• [What to produce]
The entries are to be printed again word for word, but no picture may appear.

Stored data entries:
━━━━━━━━

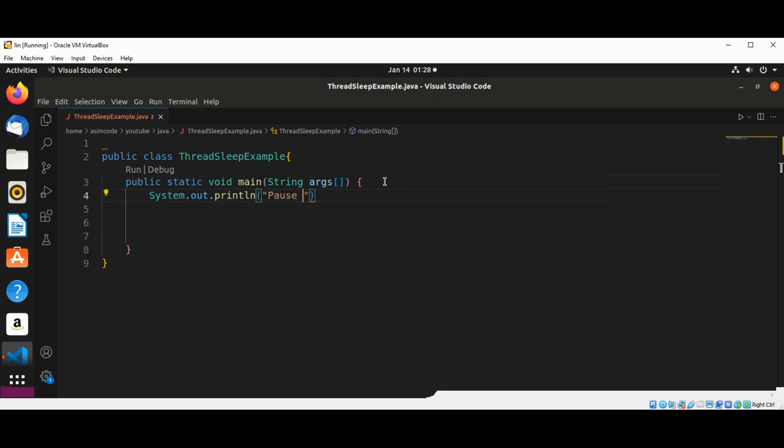Pause for five seconds. And we are going to call the function pause.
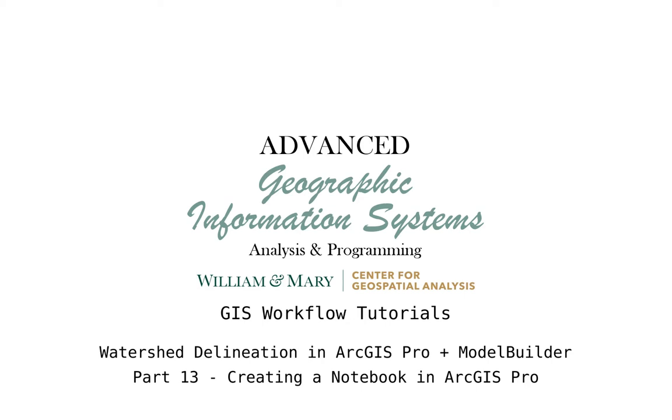Hello and welcome to an episode of Advanced GIS. In this video, we're going to be taking a look at GIS workflows and how to use Python programming and Model Builder to create reproducible workflows in ArcGIS Pro.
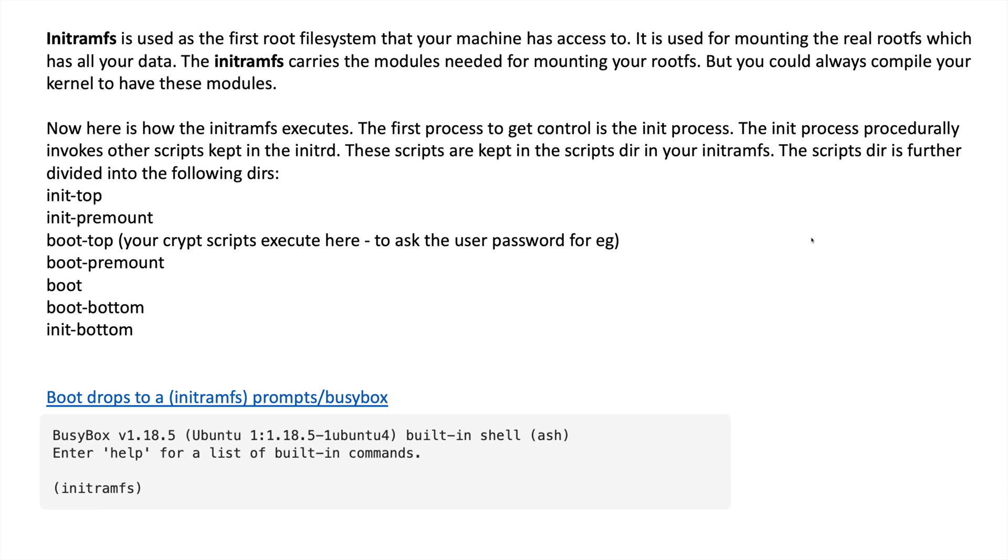Now here is how the initramfs executes. The first process to get control is the init process. The init process procedurally invokes other scripts kept in initrd. These scripts are kept in the scripts directory in your initramfs. The script directory is further divided into the following directories.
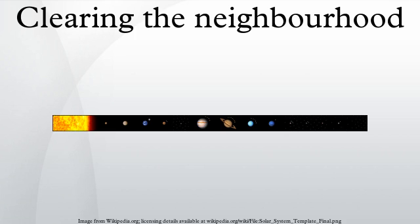Clearing the neighborhood around its orbit is a criterion for a celestial body to be considered a planet in the solar system. This was one of the three criteria adopted by the International Astronomical Union in its 2006 definition of planet.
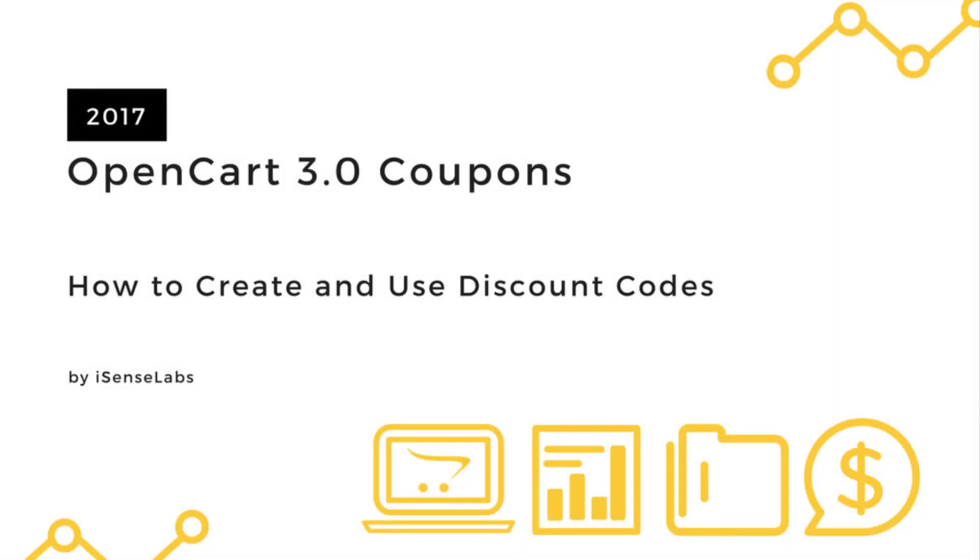Hi and welcome to another video tutorial brought to you by iSense Labs in cooperation with OpenCart. Today you will learn how to create discounts using the coupons in your OpenCart 3 marketing section. Coupon codes are used to purchase products at a discounted price, so let's see how this works.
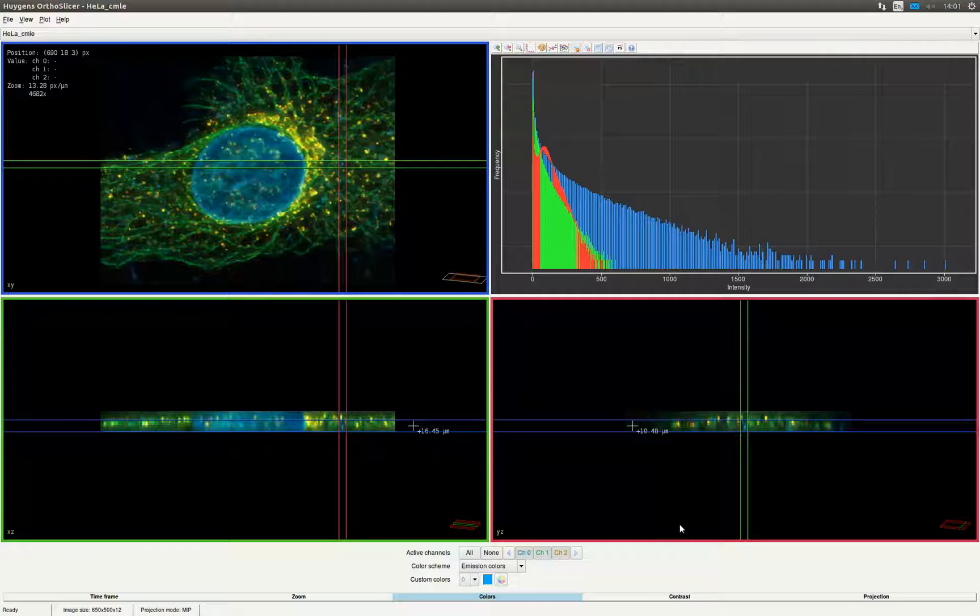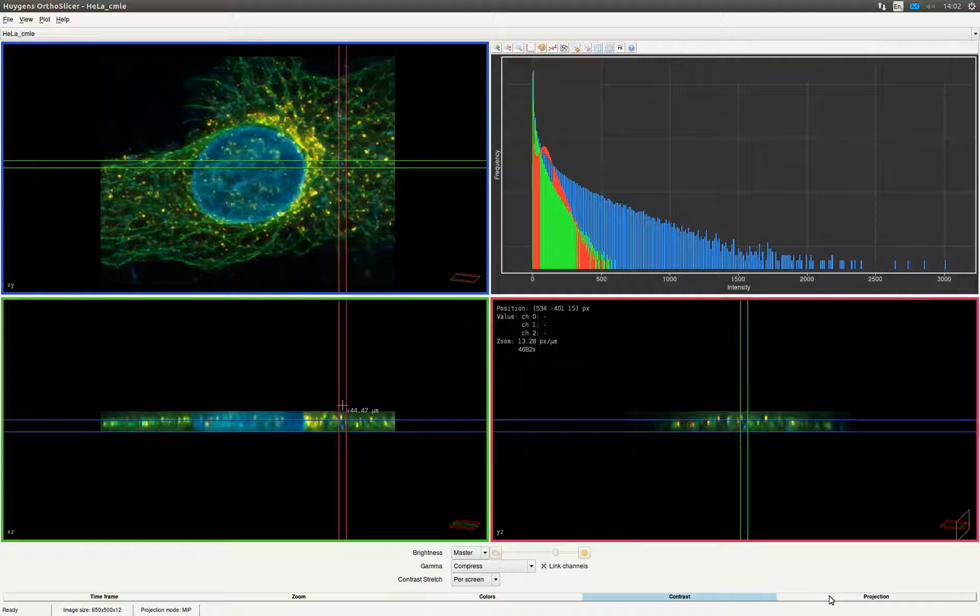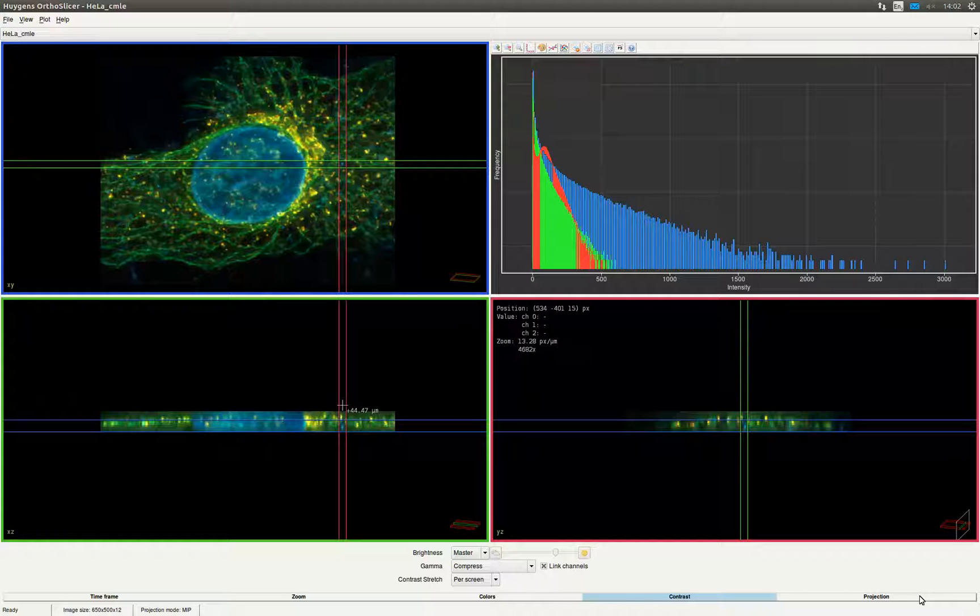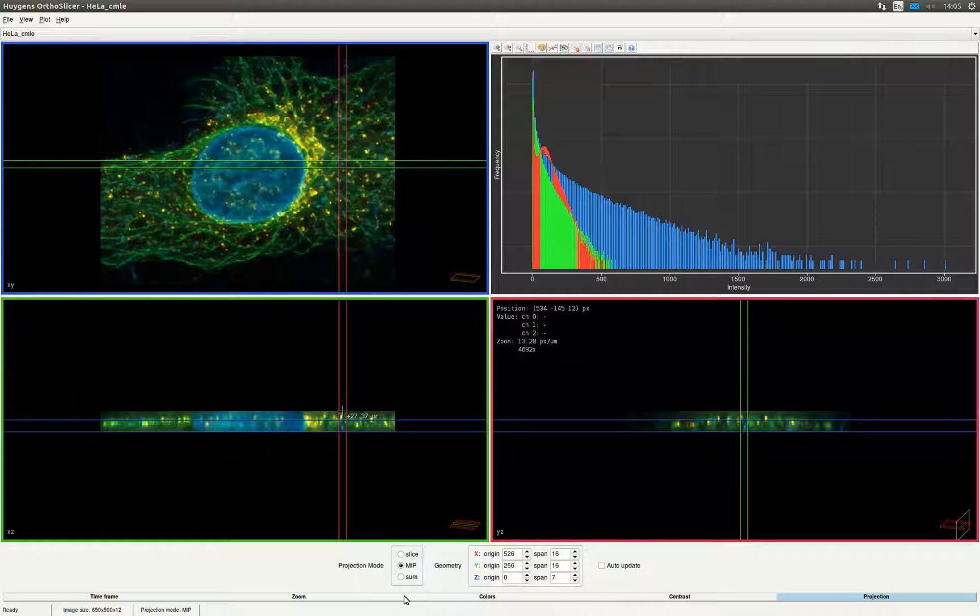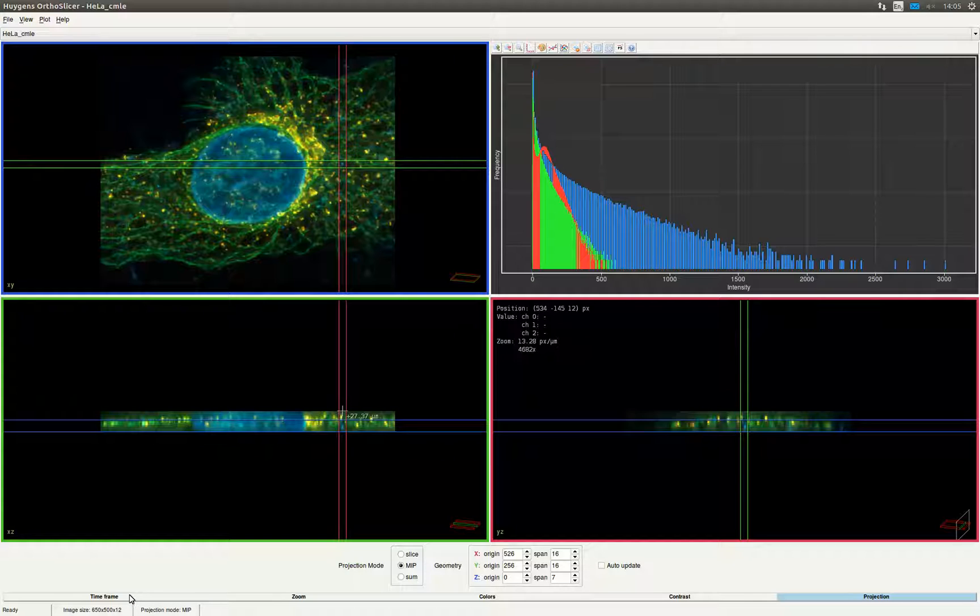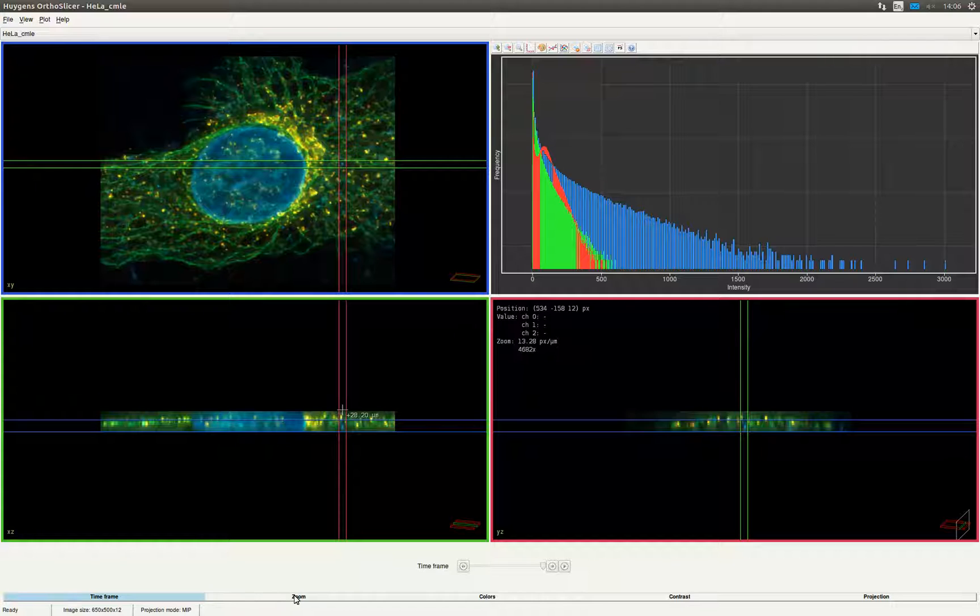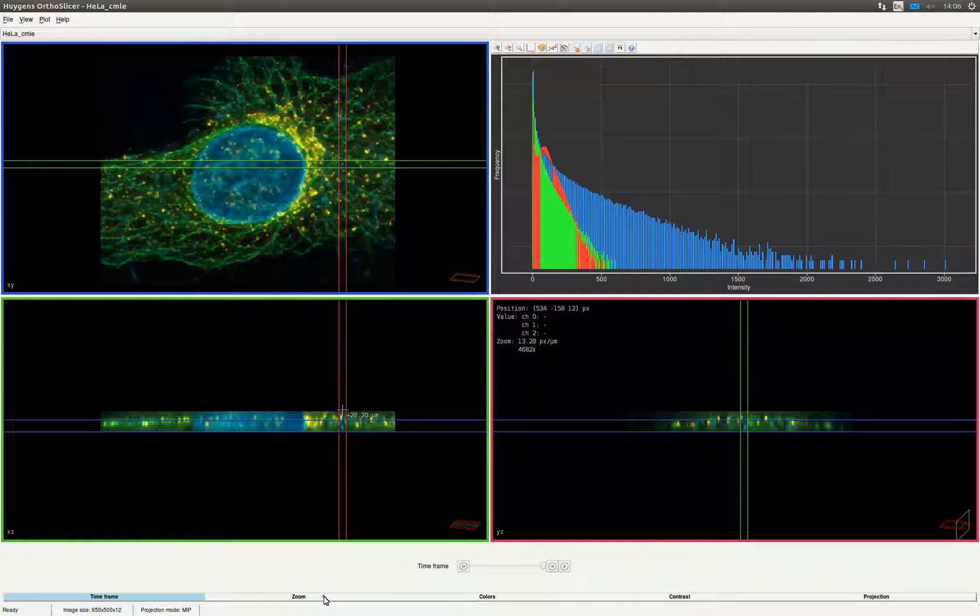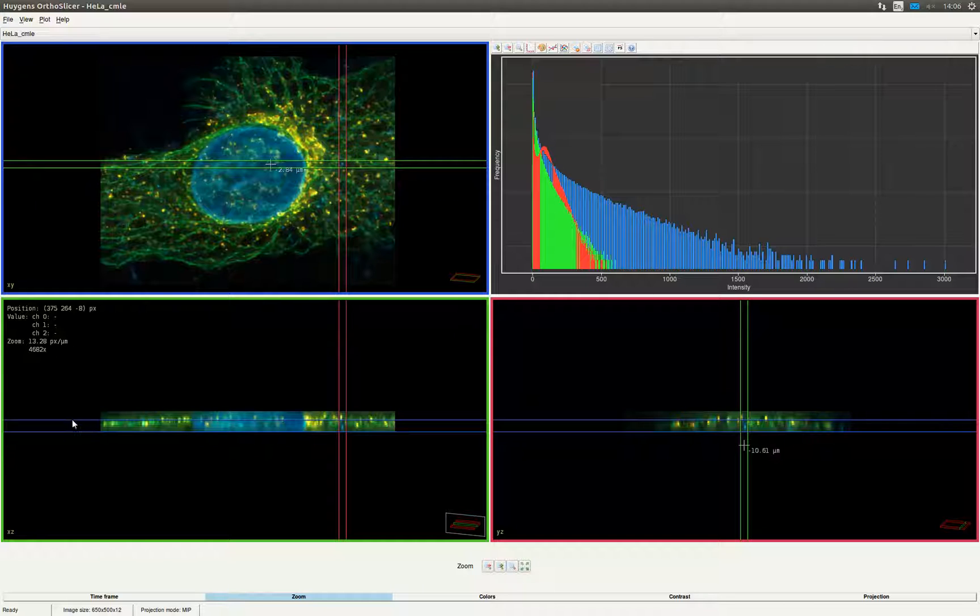In the color tab you can change the colors of each channel by selecting a color scheme or setting a custom color. You can also activate and deactivate channels you want to view. In the contrast tab you can adjust, like in the twin slicer, the brightness of the channels and change the gamma. In the projection tab you can choose the slices to project. You can adjust the position and width of the orthogonal selection. This can also be done by dragging the lines on the image. In case the image has time frames you can move through them using the time frames tab. With the zoom tab you can zoom in and out of the image. It is also possible to do measurements in the same way as in the twin slicer.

━━━━━━━━

• [Exercise output]
Pause for five seconds. And we are going to call the function pause.
Hello and welcome to an episode of Advanced GIS. In this video, we're going to be taking a look at GIS workflows and how to use Python programming and Model Builder to create reproducible workflows in ArcGIS Pro.
Now here is how the initramfs executes. The first process to get control is the init process. The init process procedurally invokes other scripts kept in initrd. These scripts are kept in the scripts directory in your initramfs. The script directory is further divided into the following directories.
Clearing the neighborhood around its orbit is a criterion for a celestial body to be considered a planet in the solar system. This was one of the three criteria adopted by the International Astronomical Union in its 2006 definition of planet.
Hi and welcome to another video tutorial brought to you by iSense Labs in cooperation with OpenCart. Today you will learn how to create discounts using the coupons in your OpenCart 3 marketing section. Coupon codes are used to purchase products at a discounted price, so let's see how this works.
In the color tab you can change the colors of each channel by selecting a color scheme or setting a custom color. You can also activate and deactivate channels you want to view. In the contrast tab you can adjust, like in the twin slicer, the brightness of the channels and change the gamma. In the projection tab you can choose the slices to project. You can adjust the position and width of the orthogonal selection. This can also be done by dragging the lines on the image. In case the image has time frames you can move through them using the time frames tab. With the zoom tab you can zoom in and out of the image. It is also possible to do measurements in the same way as in the twin slicer.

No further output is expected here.